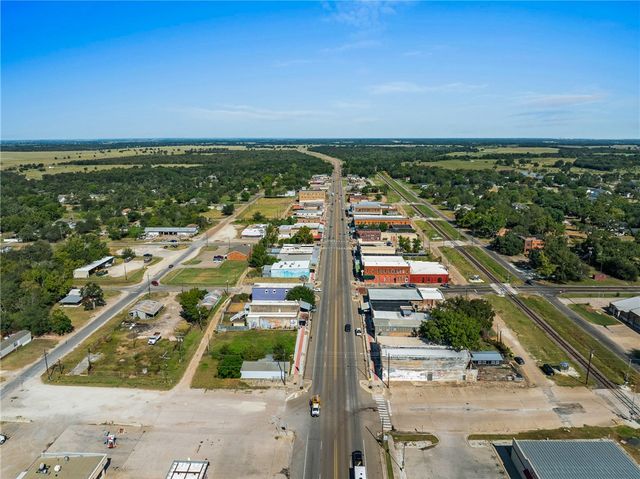 404 Main, Calvert, TX 77837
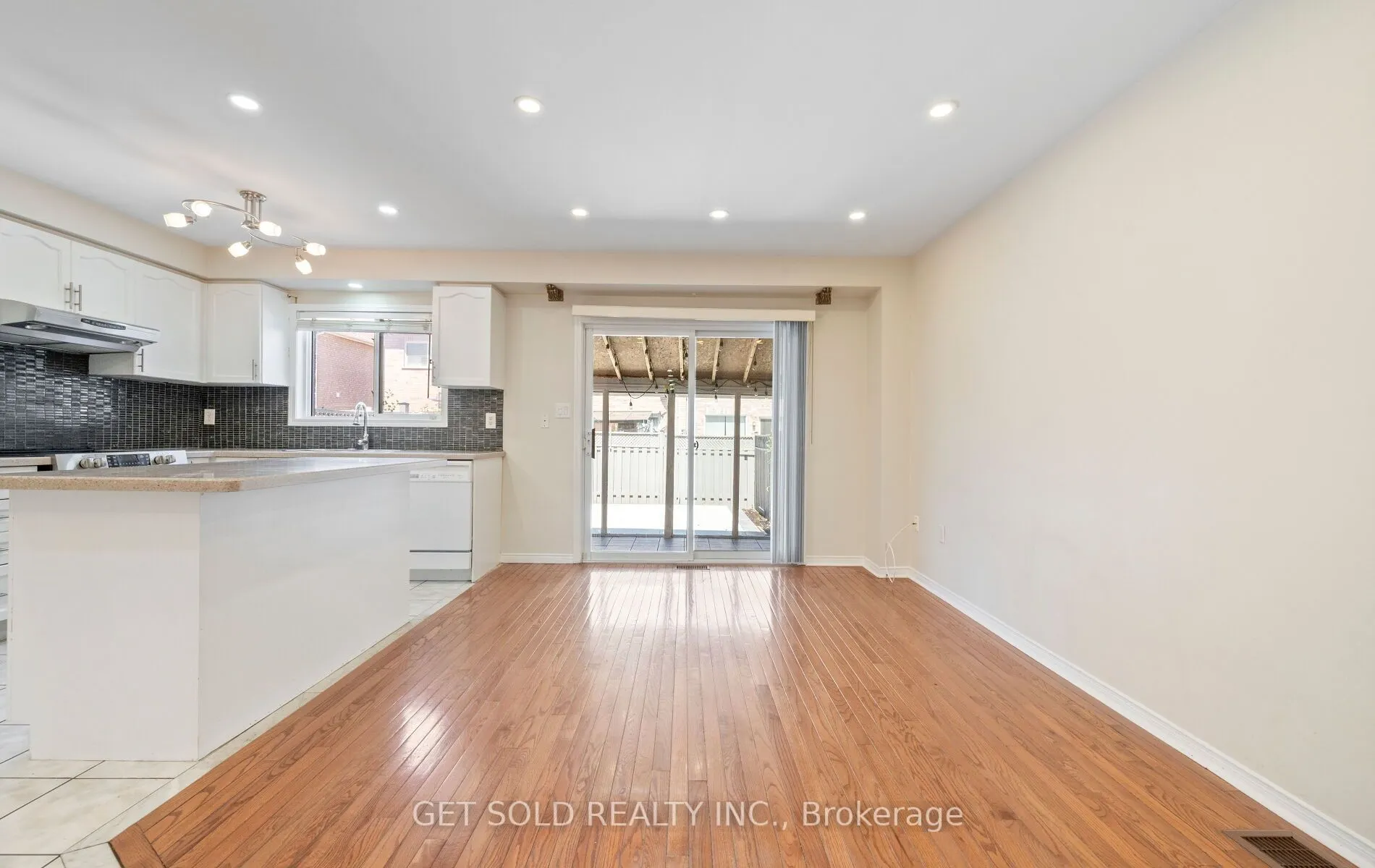 16 Mare Crescent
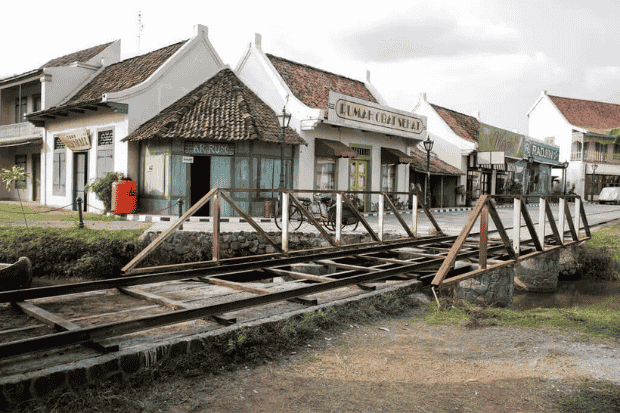 Daya tarik visual dan suasana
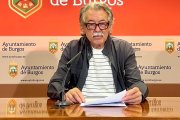 José María Romo, concejal socialista, en rueda de prensa en el Ayuntamiento de Burgos.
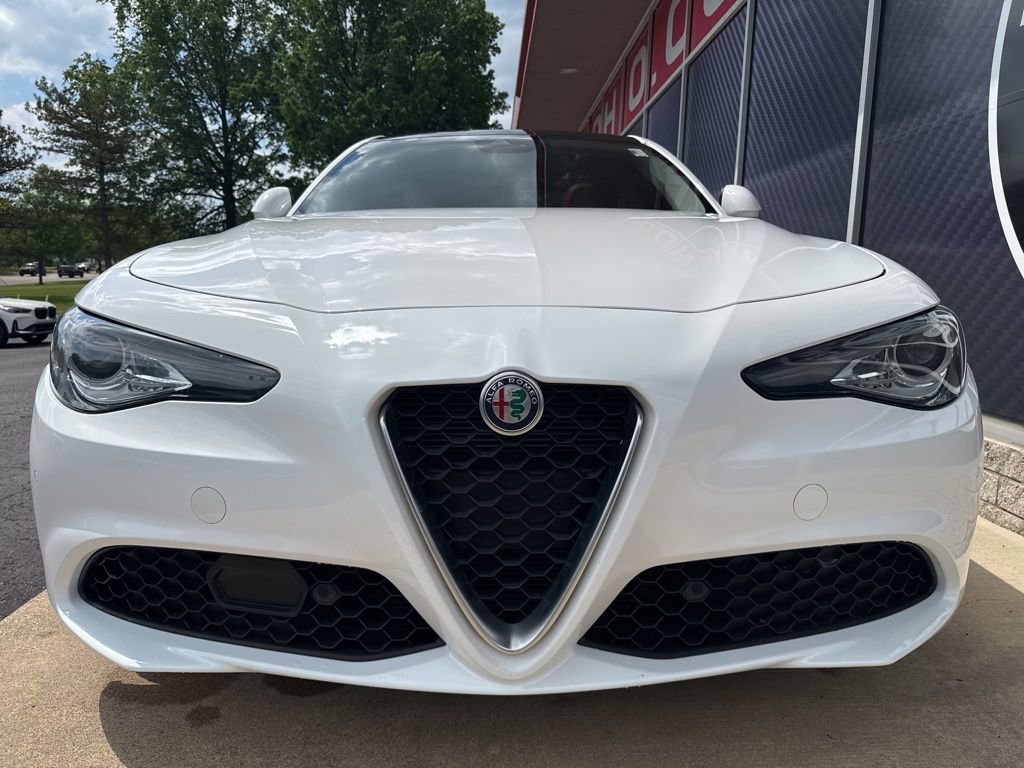 Used 2021 Alfa Romeo Giulia Ti AWD/4WD image 8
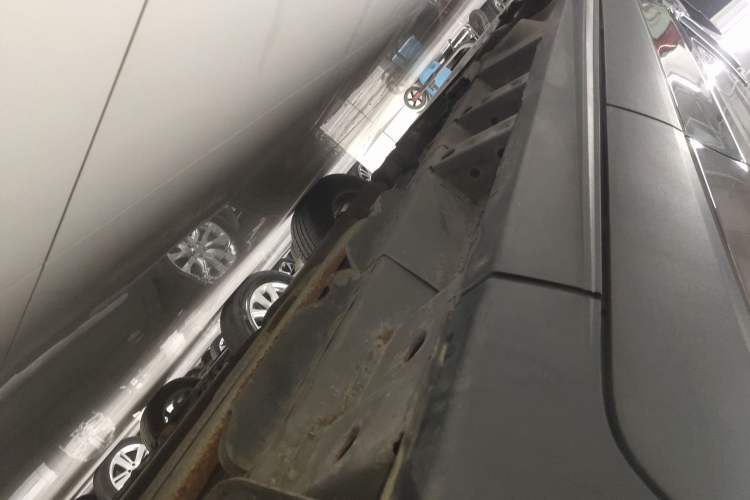 Used Cadillac SRX 2015 3.0L Comfort Version Left Side Sill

* Exercise goal:
Exactly repeat every line from the line that includes "Daya tarik visual dan suasana" to the end of the listing, and nothing else, leaving pictures out.

* Task answer:
 Daya tarik visual dan suasana
 José María Romo, concejal socialista, en rueda de prensa en el Ayuntamiento de Burgos.
 Used 2021 Alfa Romeo Giulia Ti AWD/4WD image 8
 Used Cadillac SRX 2015 3.0L Comfort Version Left Side Sill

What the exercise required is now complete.